Мне не удалось окончательно избавиться от этого страха, но не допускать свое сознание вплотную приближаться к слову «бесконечность» я научилась. Спасибо и на этом.

Потом, со временем, чувство ужаса перед вечностью заслонилось страхами повседневности, и вечное растворилось во временном.

КАЧЕЛИ

Качели находились на самом краю оврага. На концы длинной широкой доски вставали два мальчика и раскачивали качели, между ними посередине доски сидела, держась руками за веревки, девочка (и часто визжала: так страшно было качаться над оврагом).

В свои десять лет я была довольно смелая девчонка (не понимала опасности) и любила качаться на краю доски на месте мальчиков.
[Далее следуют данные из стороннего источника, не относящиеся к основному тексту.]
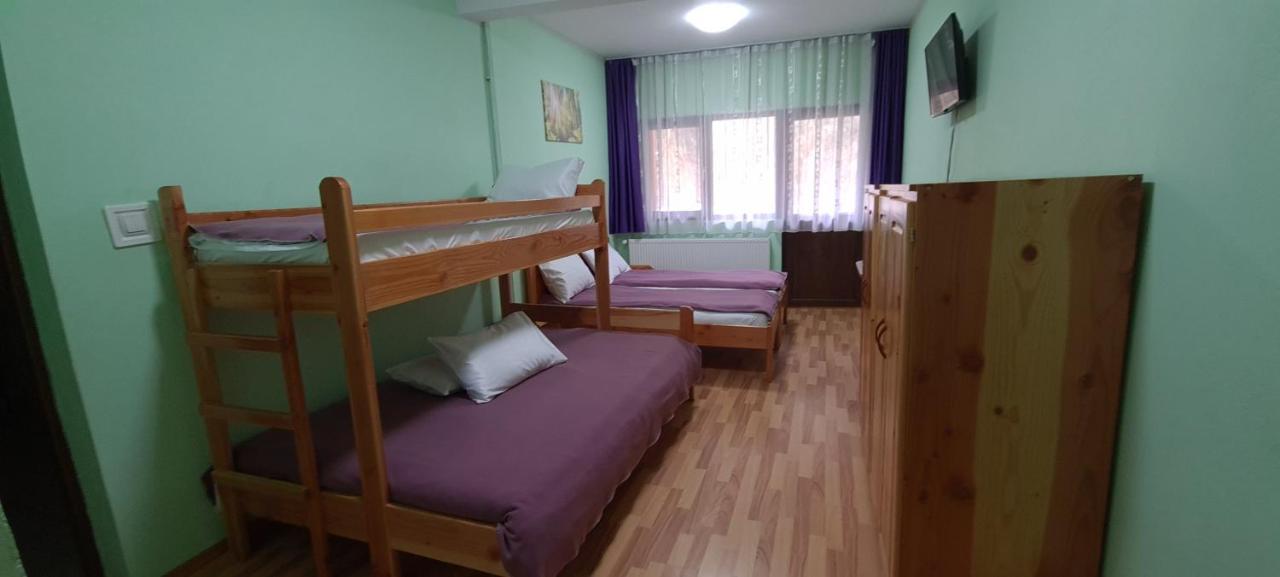 Pensiunea Aurora - Great Hostel Войняса Екстер'єр фото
Залезть туда сама я не могла и приходилось просить кого-нибудь из старших подсаживать меня. Особенно хорошо было качаться спиной к оврагу: наподдашь, раскачаешь и доска взлетает до уровня перекладины. И ты летишь плашмя над оврагом, над кронами деревьев и где-то в глубине под тобой шарахается испуганная птица. Дух захватывает! Секунда… и ты уже стремительно возвращаешься к земле.

Это удовольствие было редкое, так как качели были всегда заняты, да и не очень-то мне удавалось занять место на их краю. Опять градом сыпались на меня слова: ты маленькая, упадешь, опасно, Ольга Михайловна (мама) будет сердиться, и так далее. Словом, старая история, вечное мое несчастье: ты маленькая. Я спешила быть старше и полноправнее, и все уладилось бы, как вдруг совершенно неожиданно это редкое и опасное качельное наслаждение ушло от меня. Я сама отказалась залезать на край доски и выступать в роли раскачивающих качели мальчиков. Теперь, оглядываясь назад, я поняла причину своего отказа…

В один темный, предвечерний день той осени все время хлопала входная дверь, и вместе с потоком сырого, промозглого воздуха входили в дом мальчики, неся на спине огромные мешки с выкопанной картошкой.